Implementing Robust Cybersecurity Protocols for UK SMEs Without a Dedicated IT Team?

For Small and Medium-sized Enterprises (SMEs) in the UK, especially those without a dedicated internal IT department, the threat of ransomware can feel overwhelming. The resources and advice can seem geared towards large corporations. However, the UK government, through the National Cyber Security Centre (NCSC), has developed frameworks and resources specifically to help SMEs build a strong, cost-effective defense against the most common cyber threats.

The cornerstone of this is the Cyber Essentials scheme. It’s a government-backed framework that, when implemented, will protect your organisation against the vast majority of common cyber attacks. It is not a complex, multi-year project; it is a clear, achievable standard based on five key technical controls: firewalls, secure configuration, user access control, malware protection, and patch management. Achieving Cyber Essentials certification is a powerful statement that you are taking security seriously, and is increasingly a requirement for government contracts.

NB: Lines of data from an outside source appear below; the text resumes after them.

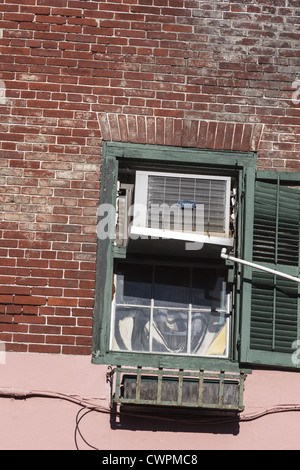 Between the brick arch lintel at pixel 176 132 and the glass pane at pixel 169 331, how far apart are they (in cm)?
139

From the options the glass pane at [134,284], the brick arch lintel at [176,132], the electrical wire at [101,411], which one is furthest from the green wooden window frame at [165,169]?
the electrical wire at [101,411]

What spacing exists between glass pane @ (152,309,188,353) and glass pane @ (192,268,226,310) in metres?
0.16

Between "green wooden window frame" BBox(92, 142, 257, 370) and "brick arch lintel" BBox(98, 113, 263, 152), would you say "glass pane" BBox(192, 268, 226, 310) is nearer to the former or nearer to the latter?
"green wooden window frame" BBox(92, 142, 257, 370)

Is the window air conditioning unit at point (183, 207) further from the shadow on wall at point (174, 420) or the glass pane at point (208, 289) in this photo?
the shadow on wall at point (174, 420)

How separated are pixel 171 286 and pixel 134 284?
0.30 meters

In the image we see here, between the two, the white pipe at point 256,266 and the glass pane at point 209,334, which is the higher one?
the white pipe at point 256,266

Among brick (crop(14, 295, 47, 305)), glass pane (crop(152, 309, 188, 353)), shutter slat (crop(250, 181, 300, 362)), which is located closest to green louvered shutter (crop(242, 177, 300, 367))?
shutter slat (crop(250, 181, 300, 362))

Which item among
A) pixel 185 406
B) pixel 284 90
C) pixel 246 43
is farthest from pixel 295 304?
pixel 246 43

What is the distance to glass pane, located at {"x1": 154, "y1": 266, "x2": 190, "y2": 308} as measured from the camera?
6.57m

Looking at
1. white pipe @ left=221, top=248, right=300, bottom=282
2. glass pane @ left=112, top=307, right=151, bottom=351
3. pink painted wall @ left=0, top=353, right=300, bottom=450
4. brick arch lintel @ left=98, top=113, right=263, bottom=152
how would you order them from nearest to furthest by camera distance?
pink painted wall @ left=0, top=353, right=300, bottom=450 < white pipe @ left=221, top=248, right=300, bottom=282 < glass pane @ left=112, top=307, right=151, bottom=351 < brick arch lintel @ left=98, top=113, right=263, bottom=152

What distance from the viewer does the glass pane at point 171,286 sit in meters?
6.57

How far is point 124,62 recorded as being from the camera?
6.84 m

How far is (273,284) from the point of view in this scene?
21.1ft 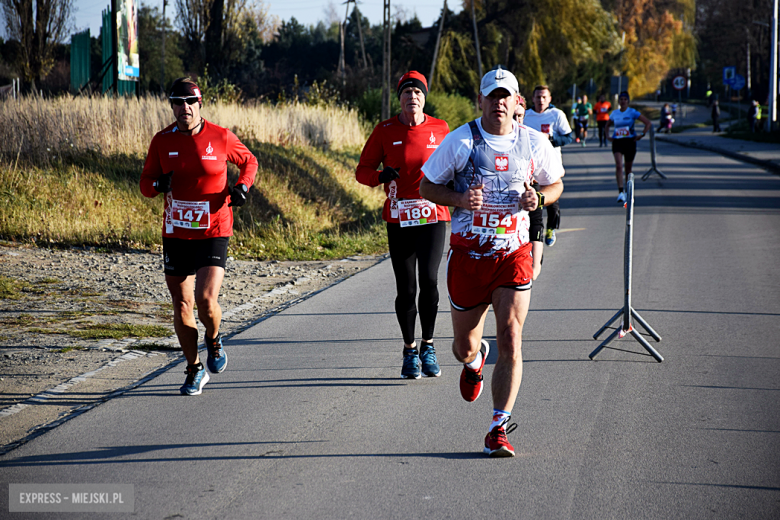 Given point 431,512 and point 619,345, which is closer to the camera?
point 431,512

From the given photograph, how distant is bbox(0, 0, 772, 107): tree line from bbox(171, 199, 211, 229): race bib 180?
54.0 ft

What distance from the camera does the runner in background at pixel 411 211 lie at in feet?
18.6

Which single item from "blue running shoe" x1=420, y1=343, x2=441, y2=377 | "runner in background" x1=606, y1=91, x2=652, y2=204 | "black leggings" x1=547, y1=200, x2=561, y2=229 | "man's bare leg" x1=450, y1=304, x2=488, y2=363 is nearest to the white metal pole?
"runner in background" x1=606, y1=91, x2=652, y2=204

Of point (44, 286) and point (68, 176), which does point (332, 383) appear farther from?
point (68, 176)

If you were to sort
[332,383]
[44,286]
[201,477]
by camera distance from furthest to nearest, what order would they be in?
1. [44,286]
2. [332,383]
3. [201,477]

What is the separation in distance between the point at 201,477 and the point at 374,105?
962 inches

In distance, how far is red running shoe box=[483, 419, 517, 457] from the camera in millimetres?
4191

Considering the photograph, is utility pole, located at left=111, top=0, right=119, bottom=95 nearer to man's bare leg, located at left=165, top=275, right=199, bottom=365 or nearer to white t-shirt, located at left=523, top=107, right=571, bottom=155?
white t-shirt, located at left=523, top=107, right=571, bottom=155

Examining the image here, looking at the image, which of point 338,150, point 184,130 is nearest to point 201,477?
point 184,130

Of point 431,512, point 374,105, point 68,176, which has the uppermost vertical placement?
point 374,105

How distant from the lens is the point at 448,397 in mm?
5305

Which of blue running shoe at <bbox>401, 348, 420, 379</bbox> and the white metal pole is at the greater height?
the white metal pole

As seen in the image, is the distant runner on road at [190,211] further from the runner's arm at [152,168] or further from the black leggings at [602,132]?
the black leggings at [602,132]

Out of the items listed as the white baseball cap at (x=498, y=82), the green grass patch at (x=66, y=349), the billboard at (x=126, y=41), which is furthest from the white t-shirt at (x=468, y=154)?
the billboard at (x=126, y=41)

In the event of an attack, UK-based organizations also have specific legal obligations. Under GDPR, you must report any breach that compromises personal data to the Information Commissioner’s Office (ICO). As the NCSC confirms, UK-based organizations must report ransomware incidents to the ICO within 72 hours if personal data is affected. This is not optional. The NCSC itself also provides technical assistance and can direct you to NCSC-assured Cyber Incident Response providers for professional support.

SMEs should not feel they are alone. A wealth of resources is available, but they must be leveraged proactively.

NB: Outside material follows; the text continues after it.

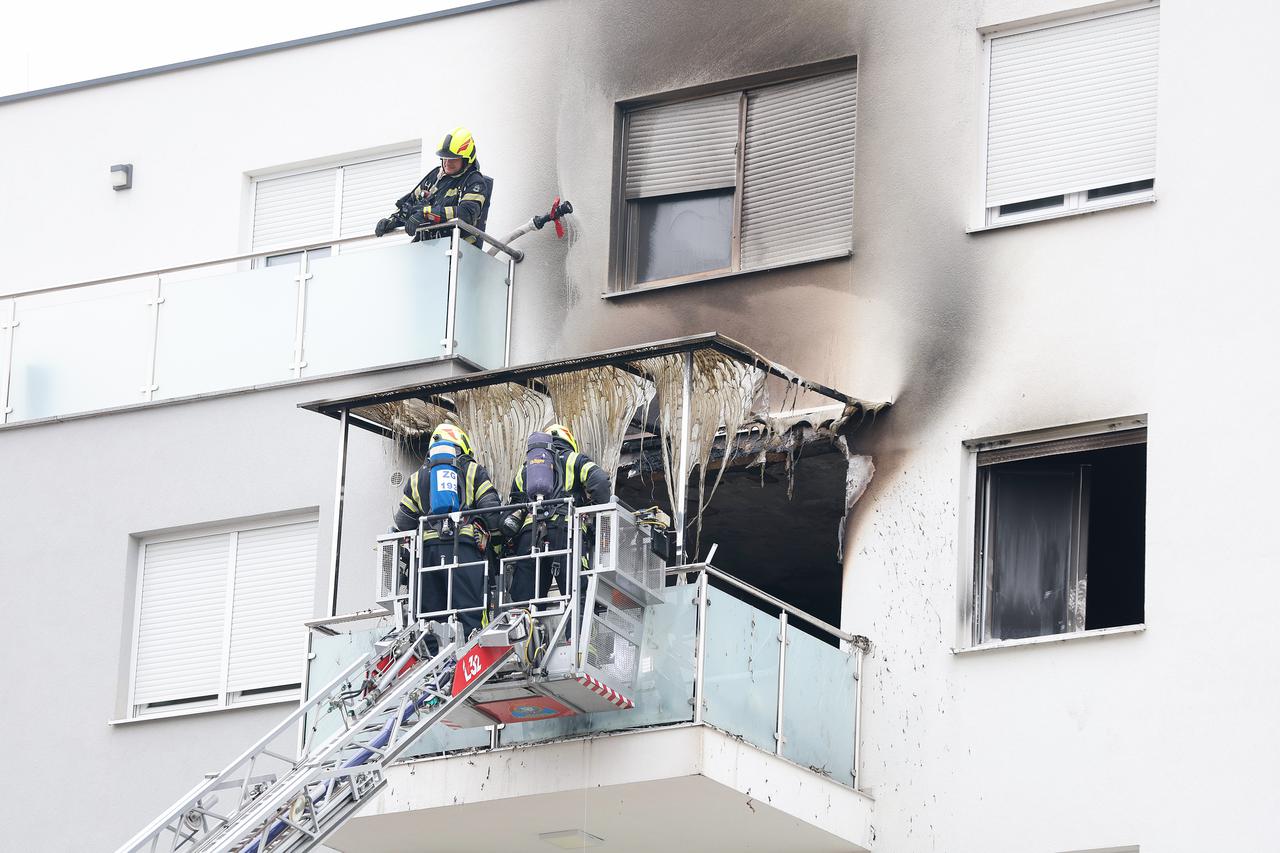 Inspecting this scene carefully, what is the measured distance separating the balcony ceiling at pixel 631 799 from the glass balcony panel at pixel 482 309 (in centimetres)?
375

• Achieve Cyber Essentials certification. This UK government-backed five-control framework is the most cost-effective way to defend against common threats.
• Know your reporting obligations. Report any ransomware attack involving personal data to the UK Information Commissioner’s Office (ICO) within 72 hours.
• Contact the National Cyber Security Centre (NCSC) for technical guidance and use NCSC-assured Cyber Incident Response (CIR) providers for professional crisis support.
• Leverage free, UK-specific resources provided by the NCSC, such as the Early Warning service and regional Cyber Resilience Centres (CRCs).
• Implement the NCSC’s core ransomware guidance: enforce multi-factor authentication, maintain offline backups, segment your network, and ensure regular security updates are applied.

The time to build your defences and create your response plan is now, not during a crisis. Start by implementing these foundational protocols today to protect your business’s future.